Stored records
....

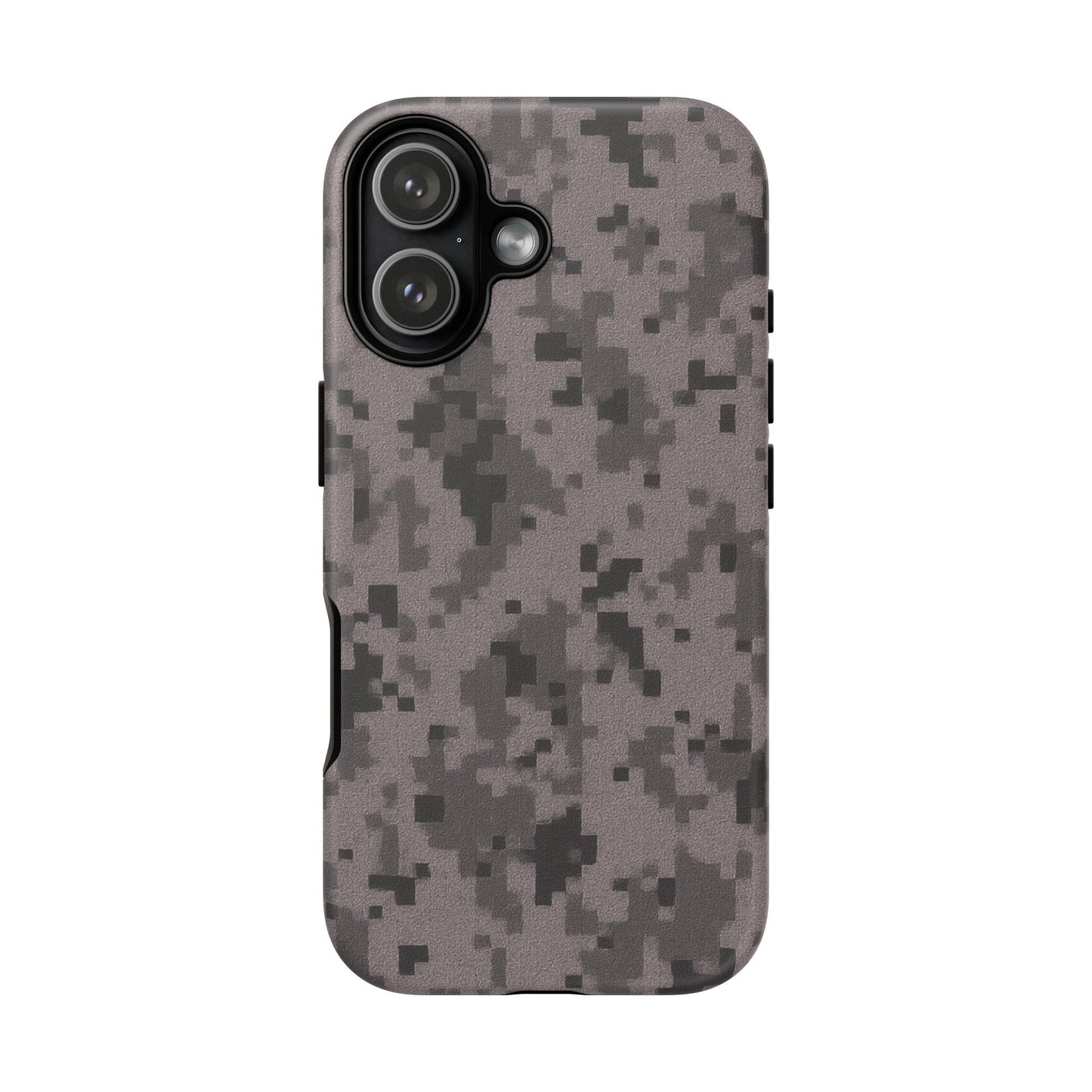 Gray digital camouflage phone case by Printify, tough protective cover for smartphones with a rugged camouflage design.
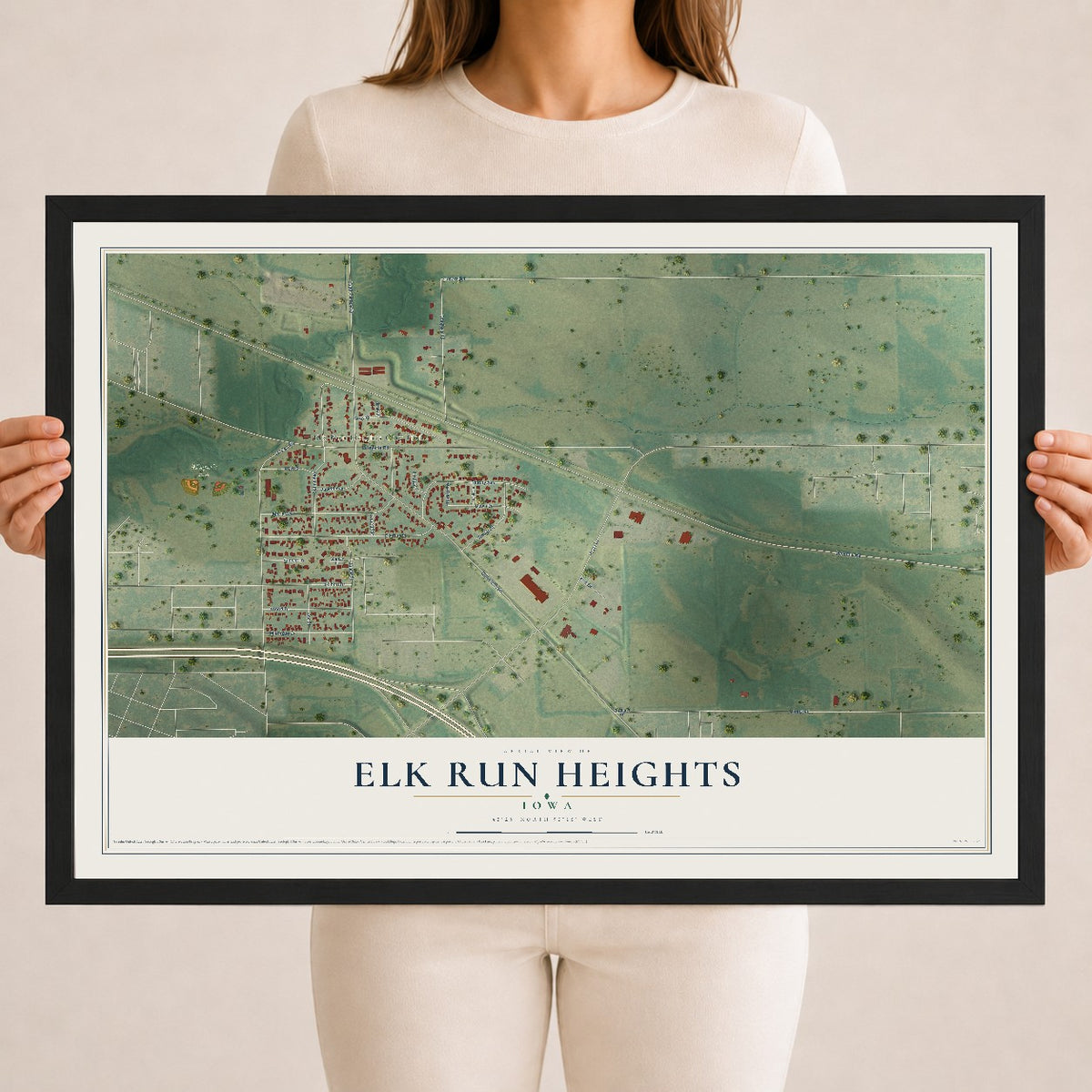 Map of Elk Run Heights, Iowa, 18 x 24 inch print in a black wood frame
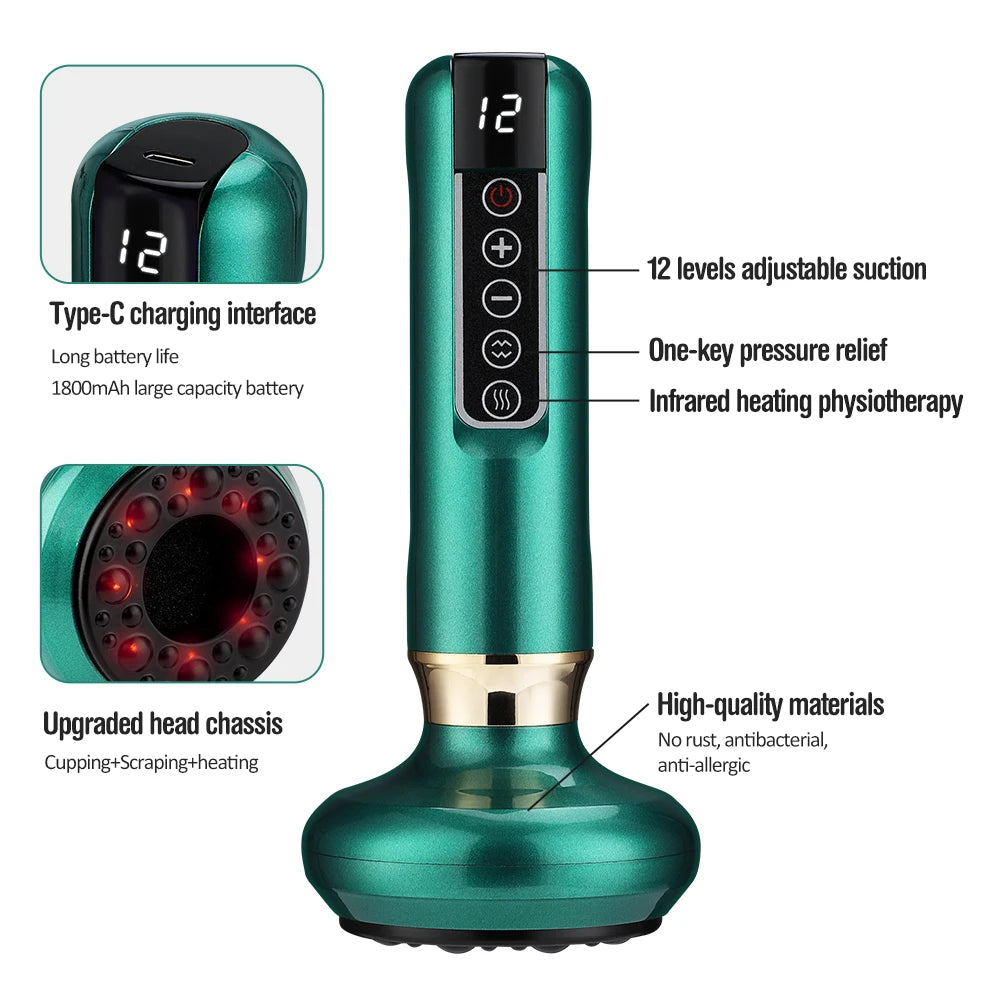 Ventouse électrique masseur ventouse sous vide GuaSha Anti Cellulite beauté santé dispositif de grattage chaleur infrarouge masseur minceur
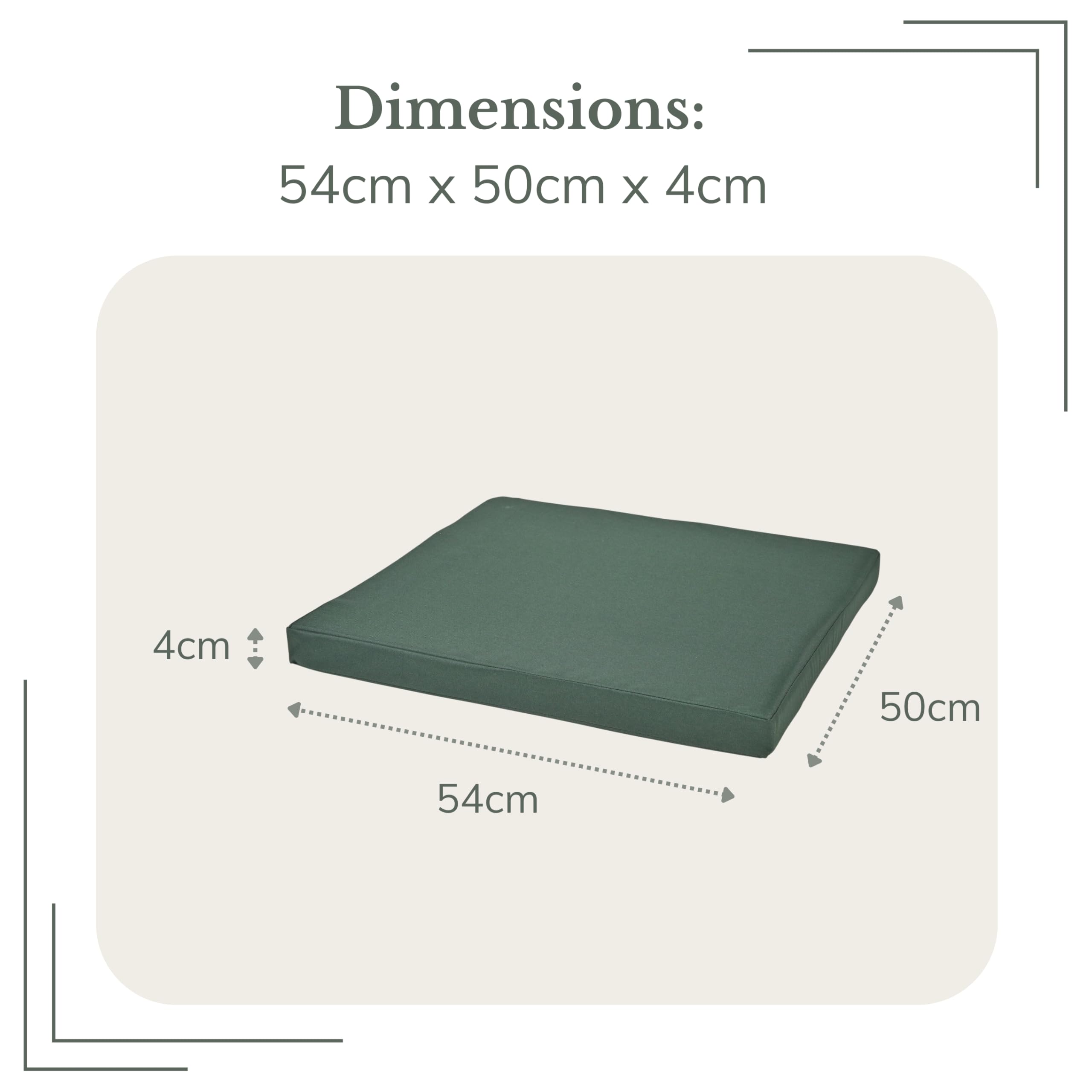 Waterproof Chair Cushion For Rattan Furniture - Outdoors Seat Pads Cushion Pad For Keter CORFU - 54x50x4cm - Removable Cover, Water Resistant Material, Foam - Garden Patio Coffee Shop - Dark Green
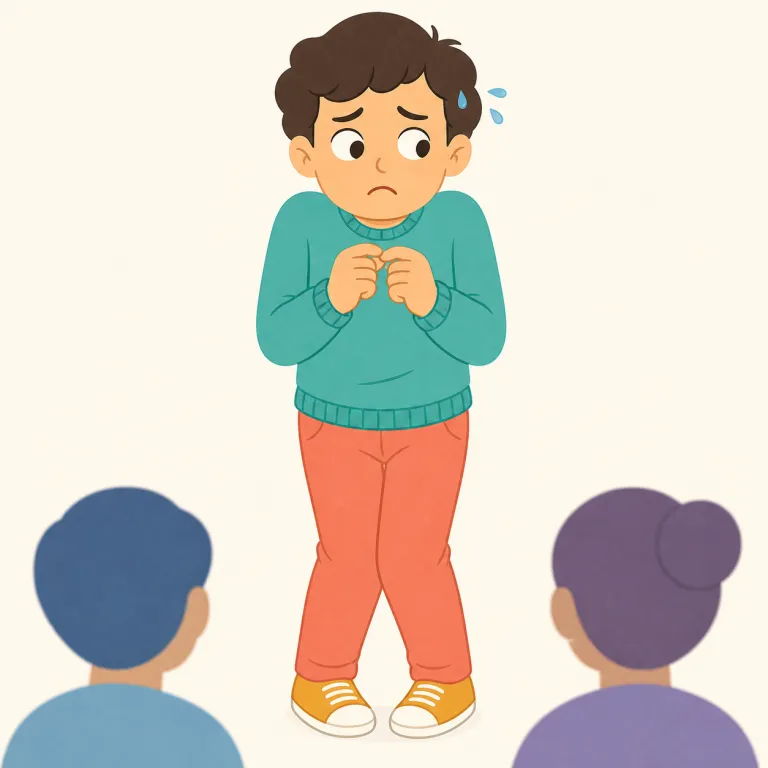nervously（神経質に・副詞）の覚え方イラスト — "nervous"（緊張した・不安な）に副詞の "-ly" が付いて、「不安そうに、そわそわと」という行動のしかたを表すと覚える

....

PROBLEM DETAILS
Write the records out in full, word for word; leave every picture behind.

RESULT FOR THIS EXERCISE
 Gray digital camouflage phone case by Printify, tough protective cover for smartphones with a rugged camouflage design.
 Map of Elk Run Heights, Iowa, 18 x 24 inch print in a black wood frame
 Ventouse électrique masseur ventouse sous vide GuaSha Anti Cellulite beauté santé dispositif de grattage chaleur infrarouge masseur minceur
 Waterproof Chair Cushion For Rattan Furniture - Outdoors Seat Pads Cushion Pad For Keter CORFU - 54x50x4cm - Removable Cover, Water Resistant Material, Foam - Garden Patio Coffee Shop - Dark Green
nervously（神経質に・副詞）の覚え方イラスト — "nervous"（緊張した・不安な）に副詞の "-ly" が付いて、「不安そうに、そわそわと」という行動のしかたを表すと覚える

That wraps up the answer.